Our Breathing Pattern Dictates our Physical Condition
If you think about human evolution over the past several hundred thousand years, you can readily see why nature would have wired two different breathing patterns into our bodies. In our infancy, the human race had to be ready to face life-threatening situations at a moment’s notice, such as attacks by other animals and humans. Even a couple hundred years ago, human beings had to deal with as many physical stressors and threats as most of us have to deal with today.
When we are under threat of physical attack, we biologically react the same way other animals react. Our heart rates accelerate, our abdominal muscles contract and tighten (to protect our internal organs), our breathing moves up into our chests and speeds up to approximately fifteen breaths per minute, and out adrenal glands flood our bodies with adrenaline as an instantaneous energy source in order to fight or flee. In the wild, this buildup of energy was discharged very quickly, you either ran or fought back. And when the danger was over, your body returned to its normal functioning.
Past Experiences of Fight or Flight
In most social situations today, it is no longer appropriate to either flee or fight back, even when we are feeling threatened. If you are being criticized by your boss, for instance, you usually cannot run out of the room or fight back. Instead, most of us choose to sit passively while our blood pressures rise, our stomach muscles tighten, our breathing speeds up and becomes shallow, and our adrenal glands begin pumping out chemicals that increase our physical alertness. Yet we have no way to act upon or discharge all of that sudden energy, which we now experience as stress.

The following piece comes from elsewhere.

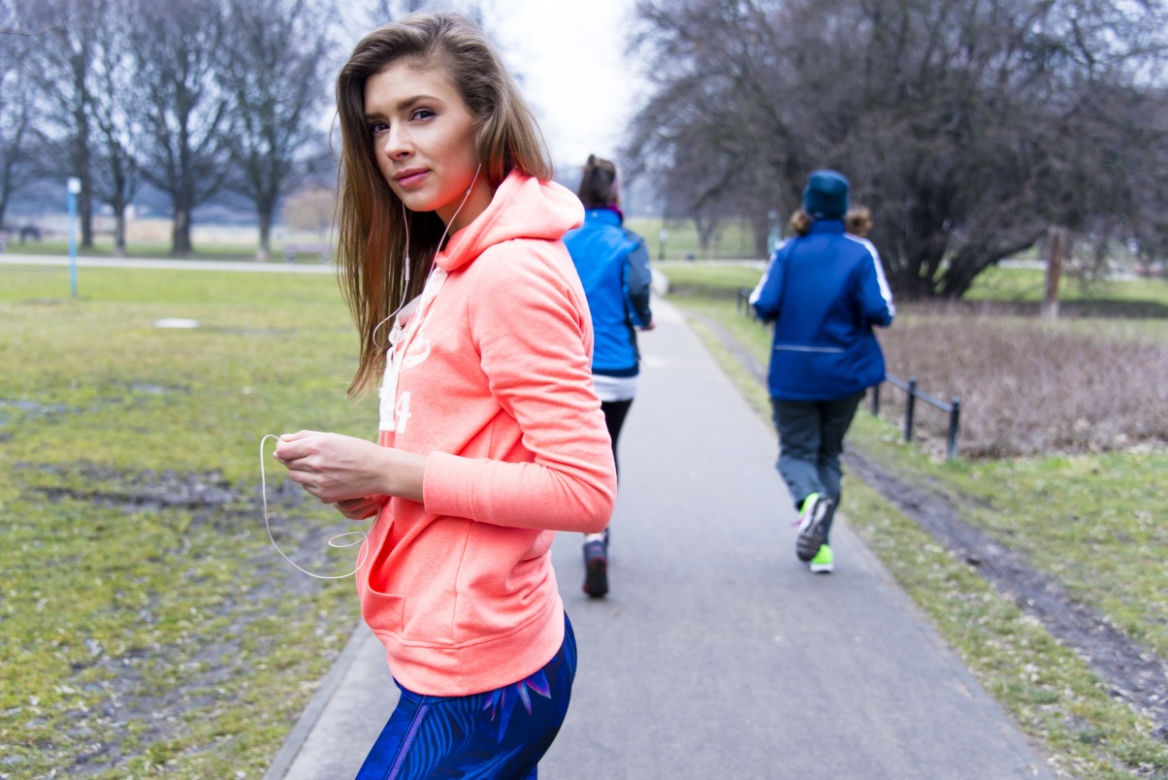  	Piękna Klaudia Halejcio na sportowo na joggingu !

This stress, this experience may be responsible for a holding pattern in our physical body. Causing many symptoms, conditions and ailments we experience in today’s culture. Such as Scoliosis and other musculoskeletal conditions.
Breathing Research
In an ingenious study done at Johns Hopkins University, researchers stationed themselves in the waiting room of general practitioners. Disguised as fellow patients, the researchers were actually covertly observing the breathing patterns of real patients. The results were striking eighty-eight percent of patients had some form of dysfunctional breathing, regardless of the type of illness form which they were suffering. In other words, troubled breathing patterns were observed in patients suffering from the flu, from gastric distress, from migraines, and from back pain. The intriguing question is this: did illness cause disturbances in their breathing, or did their disturbed breathing patterns increase their susceptibility to illness?
Controlling Your Breathing is Key
If you know how to return to slower, deeper breathing, you can quiet your stress chemistry very quickly-in fact, the Food and Drug Administration has given its approval on breath training for reduction of diseases such as hypertension, but if we do not know how to restore healthy breathing patterns, we run the risk of remaining in fight-or-flight breathing for extended periods of time. Since so many forms of illness now respond to breath correction, it is very likely that preventive breath correction can minimize-or even circumvent-certain disease processes.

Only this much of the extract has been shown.